You might not need if statements: a better approach to branching logic - bubble_boi
https://hackernoon.com/you-might-not-need-if-statements-a-better-approach-to-branching-logic-59b4f877697f#.ruqzpakyw
======
dTal
If I might offer the author some constructive criticism - this article
contains a huge amount of filler, fluff and nonsense, which it descends into
at random times in an ADHD-like way. Like the way you use the word "gander"
and then suddenly feel compelled to type four paragraphs about geese and pygmy
marmosets. This makes it very annoying to read because the reader's flow is
constantly interrupted. The liberal use of "um" and the rambling first person
narrative style (complete with bizarre roleplay-style actions like "[wriggles
interestingly]") combine to present the impression that 1) you do not value
the reader's time and 2) you haven't sufficiently distilled what you are
actually trying to say.

I suspect this article would read very much better if you deleted it and
rewrote it from scratch, omitting the cutesy crap and narrative details about
your mood while you were thinking about this problem, and saying only what you
need to say.

------
shaftway
I like how the author just re-invented if statements. Even still called them
"if". Compare:

    
    
      [snip] {
        title: 'Has the user searched yet?',
        test: !!pageData.searchKeyword,
        if: {
          true: {
            [snip]
          },
          false: {
            [snip]
          },
        },
      }, [snip]
    

vs.

    
    
      // Has the user searched yet?
      [snip] if (decisionData.searchKeyword) {
        [snip]
      } else {
        [snip]
      }
    

I expected something like a state machine, instead of OOJSON.

------
meesterdude

      Imagine discovering this code — having never seen it before — 
      and trying to work out what happens for non-logged in users that haven’t searched yet.
    

I'd run.

Overall, this seems to advocate for moving all your branching logic into one
big file. I mean - I guess there could be a situation where I would want this
- but it seems decoupled from real world examples and usage.

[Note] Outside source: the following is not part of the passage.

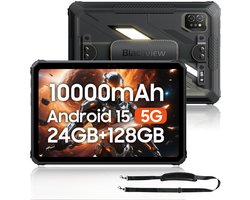 Blackview Active 7 - Tablet - 24GB RAM - 128GB ROM - 10000mAh - 11 inch - Dual 4G SIM - Inbegrepen Draagriem voor Tablet - Octa Core - Android 15 Bluetooth 5.0 - NFC - OTG - Zwart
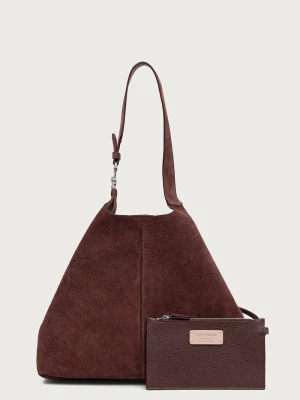 Coccinelle torebka hobo damska zamszowa bordowy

This is functionally, not much different from a function or method with a lot
of branching logic embedded in itself. this just changes the format. So I
don't see how this is new or better.

So I'll share one of my favorites related to reducing if statements that I use
with some regularity:

before:

    
    
      if user.signed_in?
    
        if user.admin?
    
          do_magic
    
        end
    
      end
    

After:

    
    
      return unless user.signed_in? && user.admin?
      do_magic

------
geophile
Jesus H. Christ, what an irritating writer.

------
Cozumel
That guy couldn't code his way out of a wet paper bag O.o